### Task directions
The answer must consist only of the lines in the records below from the line with "Könnte beinhalten: Eine" to the line with "bison skull tattoo design idea", both included, copied word for word with every picture left out.

### Data under study
# # # # #

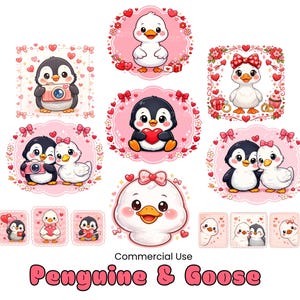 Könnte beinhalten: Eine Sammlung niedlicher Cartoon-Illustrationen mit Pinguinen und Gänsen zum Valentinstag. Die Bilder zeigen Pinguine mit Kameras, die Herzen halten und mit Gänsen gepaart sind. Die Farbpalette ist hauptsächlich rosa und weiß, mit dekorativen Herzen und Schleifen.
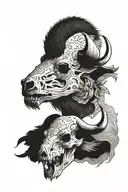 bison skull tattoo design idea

# # # # #

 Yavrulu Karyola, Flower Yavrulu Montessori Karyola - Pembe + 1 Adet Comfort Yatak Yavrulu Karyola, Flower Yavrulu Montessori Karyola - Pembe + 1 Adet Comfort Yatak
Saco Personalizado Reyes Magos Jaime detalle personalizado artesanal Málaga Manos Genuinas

# # # # #

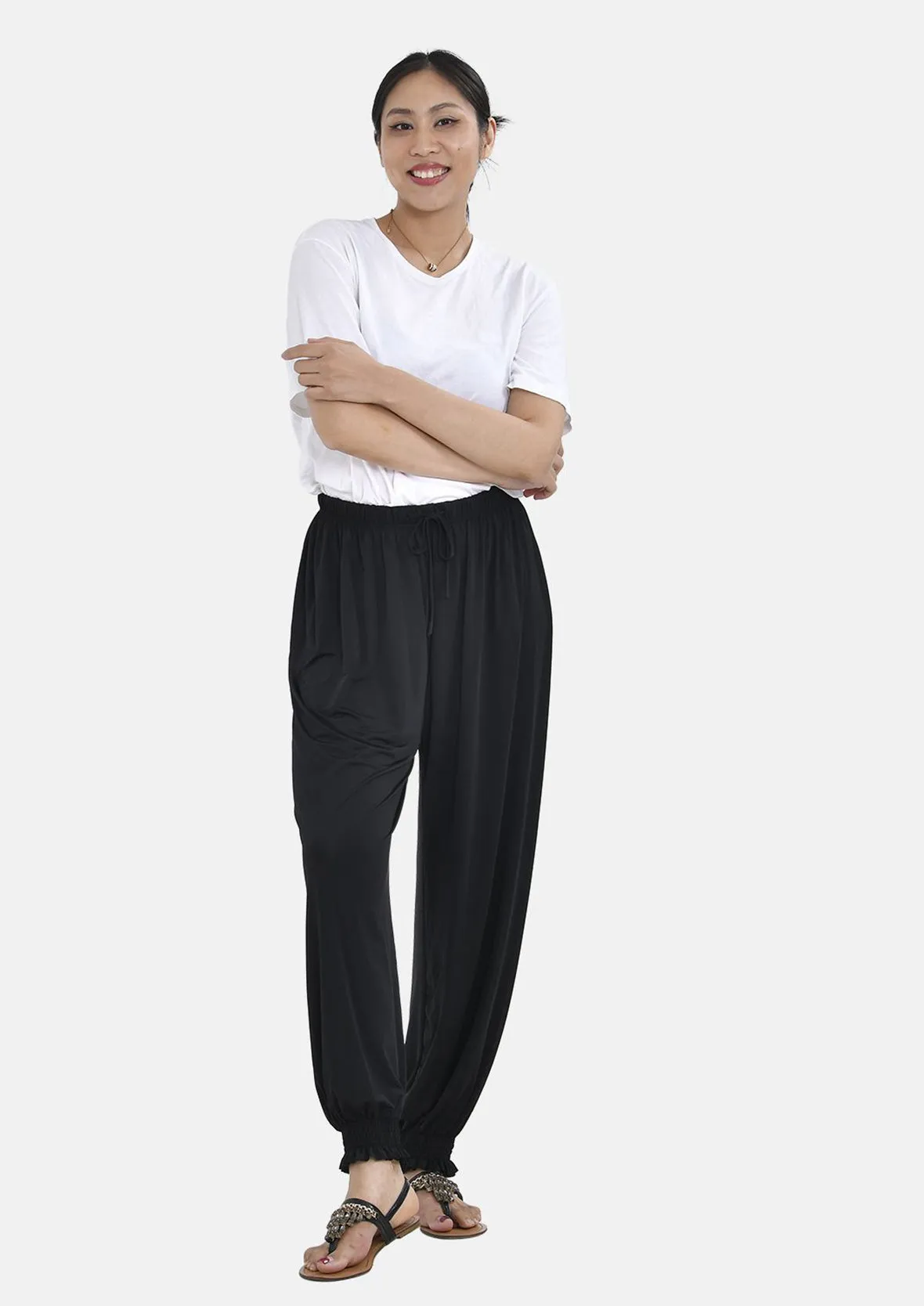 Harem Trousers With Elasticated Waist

# # # # #

### Solution
 Könnte beinhalten: Eine Sammlung niedlicher Cartoon-Illustrationen mit Pinguinen und Gänsen zum Valentinstag. Die Bilder zeigen Pinguine mit Kameras, die Herzen halten und mit Gänsen gepaart sind. Die Farbpalette ist hauptsächlich rosa und weiß, mit dekorativen Herzen und Schleifen.
 bison skull tattoo design idea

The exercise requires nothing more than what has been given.